Sournois les avait dépassés en chemin au grand galop de son cheval. Bigot, qui avait eu le temps d’entrevoir la jeune fille sous le manteau, ne se sentait pas de joie. Quant à ses amis, ils avaient feint de ne rien remarquer.

L’intendant se pencha sur son cheval et dit à l’oreille de Sournois quelques mots auxquels le domestique répondit aussi à voix basse.

— Fort bien ! dit Bigot en se redressant. Va donner mes ordres pour qu’on serve de suite le souper.

Tandis que Sournois se dirigeait vers les cuisines, avec d’autant plus de hâte que son estomac lui avait déjà suggéré l’idée de ce pélerinage, Bigot et ses hôtes remirent leurs chevaux aux soins des laquais et entrèrent au château.

Deux heures plus tard, la salle à manger de Beaumanoir présentait un coup-d’œil tout à fait propre à charmer le moraliste qui aurait pu entendre la conversation tenue par l’intendant et ses amis.

Le souper tirait à sa fin.

Ces messieurs en étaient arrivés au fromage, et le vin, qui avait commencé à leur monter au cerveau dès le second service, continuait à circuler avec plus d’entrain que jamais et témoignait maintenant de l’excellence de son crû par le chaleureux effet qu’il produisait sur les convives.

Tous les invités parlaient et gesticulaient à la fois. Dans leur expansion, causée par les vins capiteux, les conviés laissaient, à leur insu, ressortir les traits saillants de leur caractère.

Aussi le spirituel et méchant Deschenaux s’amusait à taquiner l’ex-boucher Cadet qui, en devenant munitionnaire-général, n’avait pu se départir de cette rudesse de manières qu’il avait puisée dans son éducation première. Aux fines attaques et aux saillies mordantes du secrétaire, Cadet ne savait répondre que par quelques grossières platitudes appuyées de jurons malsonnants dans la bouche d’un homme de sa position.

Quant à Corpron, le premier commis de Cadet, bien que son intérêt le portât à défendre son patron, une lueur de bon sens qui éclairait encore, à travers les vapeurs de l’ivresse, son esprit sournois et rusé, lui conseillait de ne pas s’exposer à s’aliéner le secrétaire ; aussi ne faisait-il que parer les plus rudes estocades de Deschenaux, sans engager directement le fer avec ce redoutable et influent adversaire.

Pour ce qui est de De Villiers, qui avait succédé au contrôleur de la marine, Bréard — celui-ci s’en était retourné en France extrêmement riche — il buvait sans prendre part à cette lutte agaçante et perfide. C’était un homme de rien, qui avait d’abord été simple commis dans les bureaux de la marine. « Personne, dit le Mémoire sur les affaires du Canada, ne fut plus insatiable et de plus mauvaise foi que lui ; et ses mœurs ainsi que sa conduite répondirent à la perversité de son génie. »

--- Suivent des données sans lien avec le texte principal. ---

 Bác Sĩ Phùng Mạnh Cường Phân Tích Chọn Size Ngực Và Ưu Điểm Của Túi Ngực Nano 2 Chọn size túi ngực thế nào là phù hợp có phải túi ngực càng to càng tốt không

Il s’enivrait sans rien dire, en parvenu qui aime les plaisirs de la table et ne se veut point immiscer dans la critique des petites faiblesses et misères des autres, de peur qu’on ne vienne à découvrir, par un dangereux rapprochement, de plus honteuses turpitudes sur son propre compte.

L’intendant venait de congédier tous les serviteurs de peur qu’ils n’abusassent de quelqu’indiscrétion échappée aux convives avinés.

Son front soucieux trahissait certaine préoccupation intérieure assez forte pour le poursuivre jusque dans les jouissances oublieuses d’un copieux repas.

Pensait-il aux difficultés que la venue des nouveaux événements militaires allait jeter sur sa voie déjà fort embarrassée, ainsi qu’à l’orage qui déjà grondait à son horizon assombri, et qui, venant de la cour, pouvait contenir dans ses flancs le coup de foudre destiné à écraser l’intendant infidèle ?

Songeait-il, au contraire, aux moyens à prendre pour se faire aimer de cette jeune fille qu’il avait fait enlever si brutalement le soir même !

C’était certainement l’une ou l’autre de ces deux pensées qui le préoccupait ainsi, lorsqu’il fut soudain tiré de sa rêverie par le bruit d’une assiette qui, après lui avoir effleuré la figure, alla se briser en éclats sur la muraille.

Cadet venait de lancer ce projectile à la tête de Deschenaux.

Voici ce qui avait causé cet esclandre.

Deschenaux, jaloux de la fortune rapide de Cadet, l’avait d’abord raillé sur l’impopularité des immenses levées de blé faites, dans les campagnes, par le munitionnaire-général, levées très-profitables, du reste, avait-il ajouté, pour celui qui était chargé de les faire.

— Et vous, avait répondu Cadet, croyez-vous être en odeur de sainteté auprès des bourgeois de Québec ? Outre que vous êtes receveur de l’imposition qu’on a mise sur eux pour l’entretien des casernes et que cela suffit pour vous attirer la malveillance des citoyens, on ne se gêne pas de dire que vous empochez la moitié des contributions.

— Oh parbleu ! la bonne farce ! répliqua Deschenaux. Et pensez-vous, mon cher, que l’histoire de ce gros million, à vous compté lors de votre entrée en charge, soit plus édifiante que celle de l’impôt ?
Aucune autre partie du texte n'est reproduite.